Salah satu kekhawatiran terbesar dalam setiap perombakan protokol besar adalah kompatibilitas. Ethereum menjalankan ribuan aplikasi yang aktif, mengamankan nilai senilai ratusan miliar dolar, sehingga migrasi paksa sangat berisiko.
Buterin menekankan bahwa Lean Ethereum dirancang untuk menghindari skenario itu.
“Kita sudah melakukannya sebelumnya dengan Merge,” katanya, dengan berargumen bahwa Ethereum dapat menghadirkan perubahan arsitektur yang mendalam sambil tetap mempertahankan fungsi aplikasi yang sudah ada.
Alih-alih mewajibkan penulisan ulang, jaringan akan menciptakan insentif ekonomi yang kuat agar pengembang mengadopsi model state baru secara sukarela. Aplikasi yang tetap berada di sistem warisan akan terus berfungsi, sementara yang bermigrasi bisa mendapat manfaat biaya operasional yang jauh lebih rendah.
Landasan untuk Dekade Berikutnya
Redesign state yang diusulkan mengilustrasikan filosofi yang lebih luas di balik Lean Ethereum.
Alih-alih mengejar peningkatan throughput yang menjadi headline tunggal, roadmap berfokus pada menghilangkan hambatan struktural yang bisa membatasi pertumbuhan Ethereum pada dekade berikutnya. Dengan membuat penyimpanan lebih murah, verifikasi lebih mudah, dan pertumbuhan state lebih terkendali, para pengembang berharap desentralisasi bisa dipertahankan meski jaringan mendukung jauh lebih banyak pengguna, aset, dan aplikasi.
Bagi Ethereum, tantangannya kini bukan sekadar menambah kapasitas. Ini adalah membangun arsitektur yang mampu mendukung ekosistem keuangan dan aplikasi global tanpa menjadi terlalu mahal atau terlalu tersentralisasi untuk dijalankan.
Dan menurut Buterin, redesign state Ethereum mungkin menjadi langkah paling penting untuk mencapai tujuan tersebut.

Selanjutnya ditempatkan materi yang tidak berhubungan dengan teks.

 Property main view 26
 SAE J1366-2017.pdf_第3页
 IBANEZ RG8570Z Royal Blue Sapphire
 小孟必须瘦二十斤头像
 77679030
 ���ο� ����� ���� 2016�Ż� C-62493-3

Keamanan Kuantum dan Privasi Jadi Fokus Utama dalam Visi Jangka Panjang Ethereum
Di luar peningkatan skalabilitas dan penurunan biaya, Lean Ethereum menandai pergeseran besar dalam prioritas jangka panjang jaringan dengan menempatkan ketahanan terhadap kuantum dan privasi sebagai pusat pengembangan protokol masa depan.
Selama bertahun-tahun, kedua topik tersebut tetap menjadi bagian dari agenda riset Ethereum yang lebih luas, tetapi sering dianggap sebagai tujuan jangka panjang dibanding tantangan skalabilitas yang segera. Roadmap yang diperbarui mengubah pandangan itu secara signifikan. Menurut Vitalik Buterin, mempersiapkan Ethereum untuk dunia pasca-kuantum telah “naik banyak dalam prioritas,” sementara privasi kini tidak lagi diperlakukan sebagai fitur opsional, melainkan sebagai prinsip desain inti.

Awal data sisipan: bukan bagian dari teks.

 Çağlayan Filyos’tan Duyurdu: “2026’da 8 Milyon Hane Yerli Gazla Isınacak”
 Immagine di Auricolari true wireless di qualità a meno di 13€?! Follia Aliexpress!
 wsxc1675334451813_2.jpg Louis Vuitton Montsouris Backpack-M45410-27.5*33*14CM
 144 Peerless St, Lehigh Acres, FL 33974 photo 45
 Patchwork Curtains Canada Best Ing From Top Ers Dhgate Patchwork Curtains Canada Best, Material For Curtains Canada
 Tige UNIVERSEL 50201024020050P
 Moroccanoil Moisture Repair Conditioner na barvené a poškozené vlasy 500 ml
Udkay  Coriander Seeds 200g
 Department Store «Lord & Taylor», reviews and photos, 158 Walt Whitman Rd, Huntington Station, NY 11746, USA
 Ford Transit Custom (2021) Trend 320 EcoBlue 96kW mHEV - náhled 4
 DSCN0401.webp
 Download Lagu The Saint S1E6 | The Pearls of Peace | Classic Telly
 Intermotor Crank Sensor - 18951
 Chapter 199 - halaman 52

Perubahan ini mencerminkan pengakuan yang semakin kuat bahwa Ethereum sedang berevolusi menjadi infrastruktur yang diharapkan tidak hanya mengamankan aset kripto, tetapi juga produk keuangan yang ditokenisasi, identitas digital, stablecoin, dan aplikasi lain yang mungkin tetap aktif selama puluhan tahun.
Mempersiapkan Era Kuantum
Blockchain modern bergantung pada algoritma kriptografi yang dianggap aman terhadap komputer saat ini. Namun, peneliti telah lama memperingatkan bahwa komputer kuantum yang cukup canggih pada akhirnya bisa memecahkan masalah matematika yang menjadi dasar banyak sistem enkripsi tersebut.
Walau para ahli umumnya percaya mesin seperti itu masih bertahun-tahun lagi untuk menjadi ancaman praktis, mengganti fondasi kriptografi di seluruh jaringan blockchain global adalah pekerjaan besar. Perangkat lunak dompet, validator, bursa, aplikasi terdesentralisasi, jaringan Layer 2, custodian, dan jutaan pengguna semuanya perlu beralih tanpa mengganggu keamanan aset yang sudah ada.
Alih-alih menunggu sampai komputasi kuantum menjadi ancaman yang langsung, pengembang Ethereum ingin mulai menyiapkan protokol jauh sebelumnya.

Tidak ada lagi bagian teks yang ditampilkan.